→ **Task description**: With the pictures left out, reproduce exactly the lines running from the line with "LUVA CONFORTEX VERDE" to the last line of the material below.

→ **Dataset section**:
· · · · · · ·

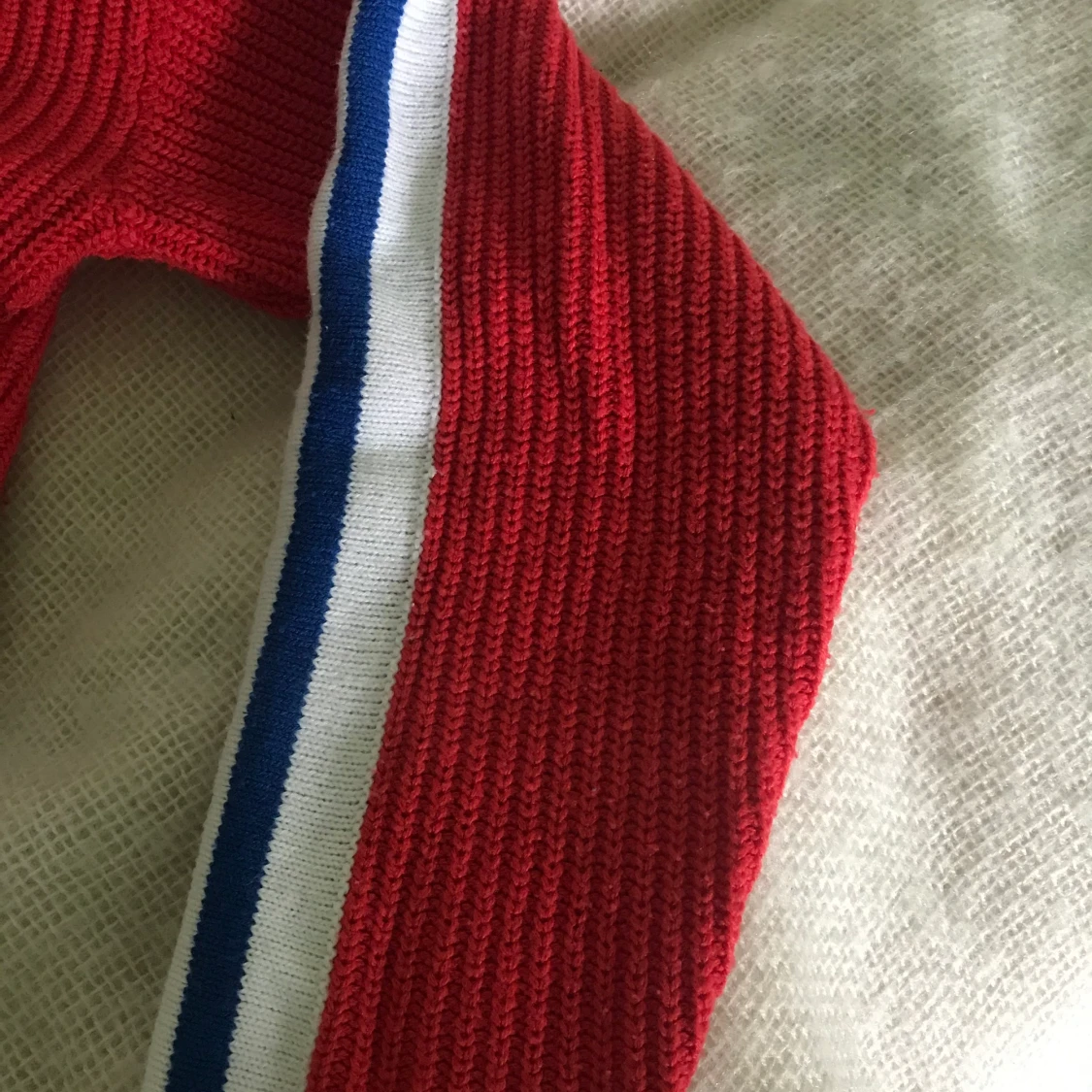 Virkad tröja från HM stl XS - 91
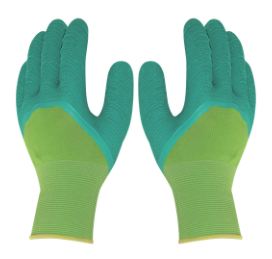 LUVA CONFORTEX VERDE (WORKFLEX) T. 9 (G) - PLASTCOR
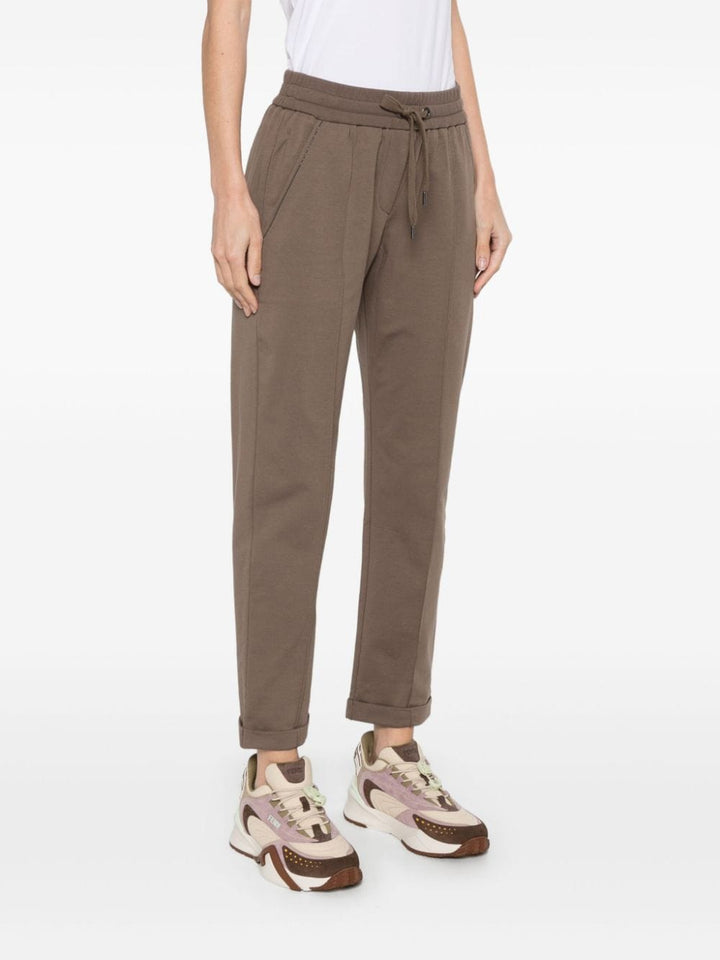 Brunello Cucinelli Trousers S Brunello Cucinelli Trousers Brown Brunello Cucinelli Trousers Brown Brand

· · · · · · ·

→ **Exercise output**:
 LUVA CONFORTEX VERDE (WORKFLEX) T. 9 (G) - PLASTCOR
 Brunello Cucinelli Trousers S Brunello Cucinelli Trousers Brown Brunello Cucinelli Trousers Brown Brand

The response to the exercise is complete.